- **Required work**
Could the lines from the one containing "8mm 3mm Diamond" through the end of the material below be returned exactly, with nothing else?

- **Source material**
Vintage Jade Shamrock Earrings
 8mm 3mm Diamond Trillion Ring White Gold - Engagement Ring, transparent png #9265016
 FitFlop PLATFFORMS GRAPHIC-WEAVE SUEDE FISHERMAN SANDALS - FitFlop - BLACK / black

- **Answer**
 8mm 3mm Diamond Trillion Ring White Gold - Engagement Ring, transparent png #9265016
 FitFlop PLATFFORMS GRAPHIC-WEAVE SUEDE FISHERMAN SANDALS - FitFlop - BLACK / black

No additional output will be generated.